Having carried out an investigation, the Ombudsman finds that the GRO is implementing the provisions of the Civil Registration Act 2004 correctly.  However, during the course of her investigation the Ombudsman found that under separate legislation - the National Archives Act 1986 - there is a right of public inspection of those records of births, deaths and marriages which are over 30 years old.  The Ombudsman recommends that the GRO engage with other bodies, such as those which have a responsibility for the national archives, to explore options for facilitating the public's right to inspect these records.

While the GRO has accepted the Ombudsman’s recommendation, it is a qualified acceptance. This arises from the fact that the GRO does not accept the Ombudsman’s finding that GRO records, more than 30 years old, are covered by the right of inspection provided for in the National Archives Act 1986. Whether or not the National Archives Act 1986 applies to GRO records is a matter of legal interpretation. The Ombudsman’s detailed and reasoned legal advice – which she is publishing – supports her finding. The GRO has stated that it has advice from the Office of the Attorney General that the National Archives Act does not apply. The GRO has declined to provide the Ombudsman with a copy of this advice or, indeed, to outline the reasoning of the advice. The Ombudsman cannot have any view on the merits of the GRO position in circumstances where she has not been given the reasoning underlying that position. It is surely in the public interest that all relevant legal advice, paid for by the public, should be available to inform the public on a matter of public interest.

The Complaint

The Ombudsman's investigation was prompted by a complaint from a member of a Heritage and Historical Society which was researching the history of a townland in County Westmeath.  Mr Johnson (not his real name) wished to examine the death registers for the area from 1864 to 1900 for the purposes of establishing the occupations of local people from that time.  The death registers were held in a regional office.  However Mr Johnson was informed that he would have to provide the name of each deceased and the approximate date and place of death, together with €6 for each uncertified copy of the death register.  Mr Johnson was particularly interested in identifying those registers which indicated that the individual was a craftsman.  In order to achieve this Mr Johnson would have had to pay for, and examine, a copy of the register for every death that occurred in the area between 1864 and 1900.  Mr Johnson pointed out that previously it had been possible to examine the actual registers for an hour by booking in advance and paying a small fee. That facility had been withdrawn.
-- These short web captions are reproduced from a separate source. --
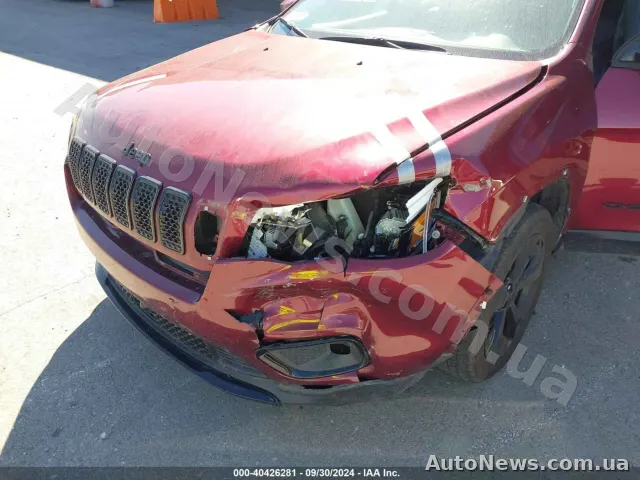 2021 Jeep Cherokee — photo 6 (iaai)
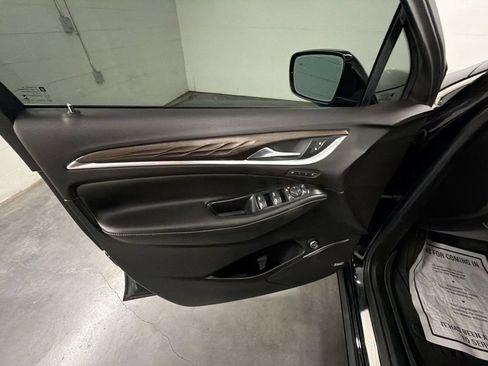 Used 2022 Buick Enclave Avenir w/ Avenir Technology Package FWD image 23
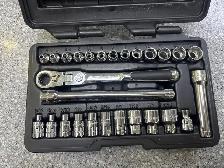 Gear Wrench 891427 27 PC Pass Thru Set - Photo 2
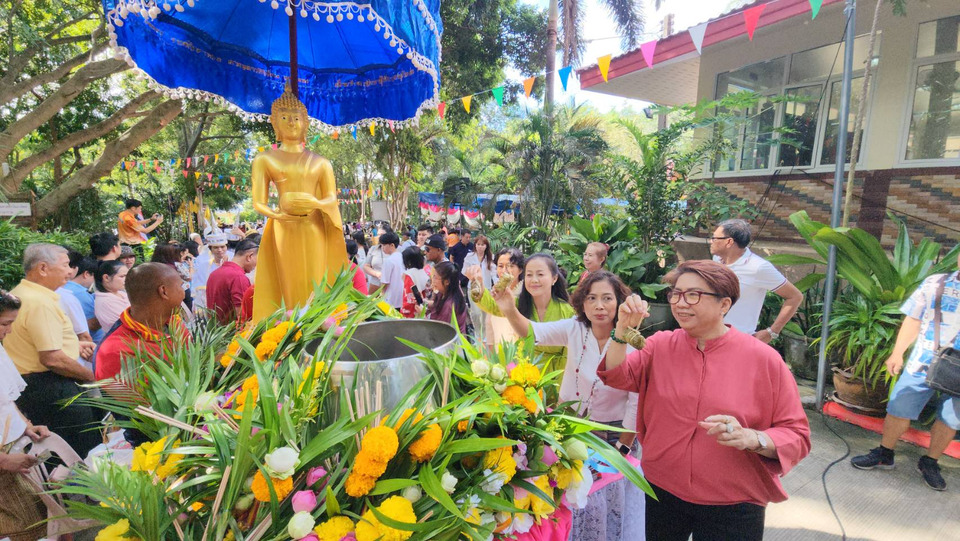 ชาวบ้านฉางแห่ตักบาตรเทโว “ลูกโยน” วัดคีรีภาวนาราม พระสงฆ์เดินลงจากเขา 169 ขั้น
Response from the General Register Office

When the Ombudsman contacted the GRO it referred to section 61 of the Civil Registration Act 2004.  The section provides the particular procedure for accessing the registers in the manner described above.  The GRO was of the view that under the 2004 Act direct access to the registers by any person other than certain officials of the GRO was prohibited by that Act. 

The Investigation

The Ombudsman considered that the actions of the GRO were likely to affect a considerable number of people.  It was clear that access to valuable public records was being restricted and legitimate historical and social research was being hindered.  Furthermore, the GRO's position appeared at odds with the practice of equivalent bodies internationally and with the actual practice by some public bodies in Ireland in facilitating access to historical records.  For example, in Scotland and England many historical life event registers are available online.  In Ireland the 1901 and 1911 censuses have been published online by the National Archives.  There is also a strong public interest in 'life event' records as demonstrated by the popularity of television programmes such as RTE's and the BBC's Who Do You Think You Are? and The Genealogy Roadshow. Events such as The Gathering in 2013, which Fáilte Ireland says will be Ireland's 'biggest tourism programme ever', will encourage the Irish Diaspora to visit Ireland to trace their roots.  Given the importance of the issue the Ombudsman decided to commence an investigation under the Ombudsman Act 1980.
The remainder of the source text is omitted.